Wrexham can take confidence in their defence, particularly with keeper Delyth Morgan remaining in goal. The team’s promotion hinged heavily on the former Liverpool academy product’s authoritative display against Ferry.
With only six goals conceded and a highlight reel of impressive saves–including a finger tip denial against Ferry in the final seconds–the inveterate keeper will be critical to any push into the league’s top-four. So too will centre-back Erin Lovett instrumental in the victory, with the 30-year-old flexing her experience to deny Ferry’s more dangerous salvos.
Academy system key in developing north Wales hub
The step-up in quality next season means Wrexham will be keen on bolstering their squad, with moves for quality players from opponents not out of the question.
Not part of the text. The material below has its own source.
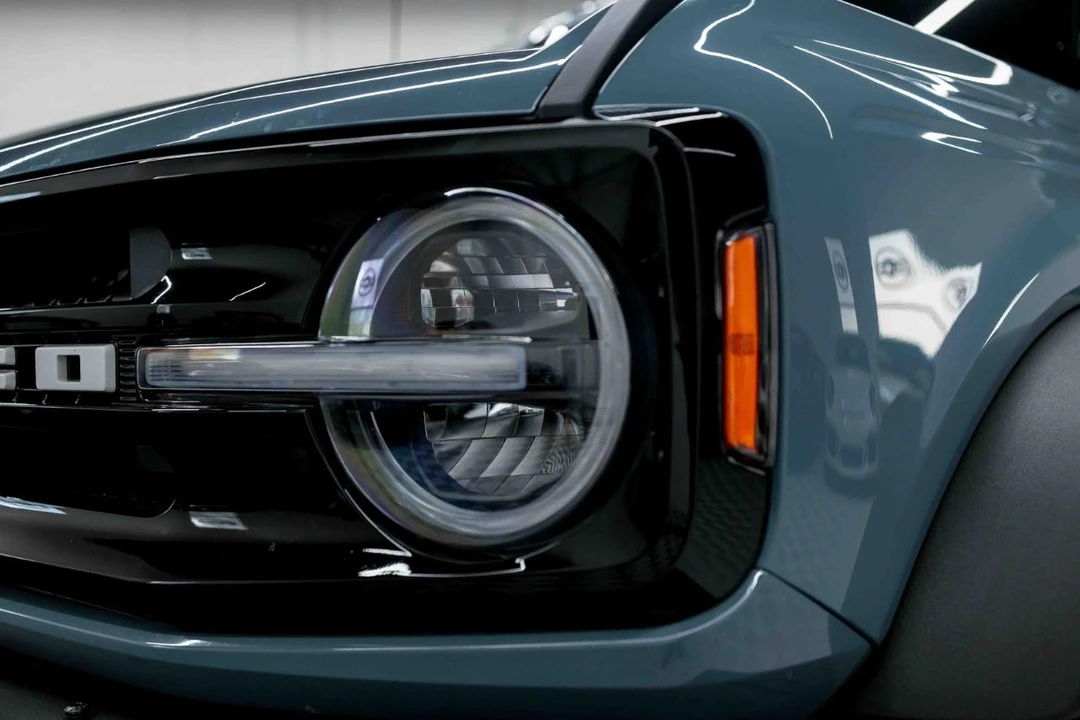 2023 Ford Bronco 6th Gen - Image 14 of 21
However, the foundations of the club’s women’s department have been built on sustainability and an emphasis on the local community. The club are keen to carry on down this path, continuing to provide football sessions in local schools for young girls as well as develop the club’s academy system.
North Wales has conspicuously lacked a modern women’s football hub, and Wrexham are keen to be the suppliers, with the academy a fundamental pillar in their plans for the club’s women’s department.
Already, the academy have come to produce a promising conveyor belt, with the under-19s program claiming a phenomenal Invincibles season of their own in the Adran North, testament to the quality already on offer within Wrexham’s walls. Wrexham suffered a 2-0 defeat to Adran South under-19s champions Cardiff City, though three of Wrexham’s most promising talents, including Wales under-17 international Lili Jones, were reserved for the senior side’s play-off final played an hour afterwards.
Wrexham attacking midfielder Amber Lightfoot presents a model example of the club’s ambitions for recruitment in the short-term. A former Liverpool academy product, Lightfoot joined Wrexham’s under-19s after being released by the Reds and moonlighted between the under-19s and senior set-up this season seamlessly.
The 22-year-old produced 16 goals and eight assists, a return bettered only by first-team teammate Hughes, as she helped the first-team to the Adran North title, while her 10 goals for the under-19s were joint highest alongside Jones.
Lightfoot typifies the club’s ambition in cutting Wrexham as an appealing destination for footballers who don’t make the first-team cut elsewhere, with Liverpool and Manchester providing propitious catchments of talent.
Raising their competitive levels will be key to achieving this. Cardiff City have rewritten the script for elite-level success in the Welsh women’s game, having claimed two of the three trophies on offer this season and moving to three training sessions per week rather than two.
An exciting season awaits Wrexham Women, who have already overachieved in securing promotion three years earlier than initially anticipated.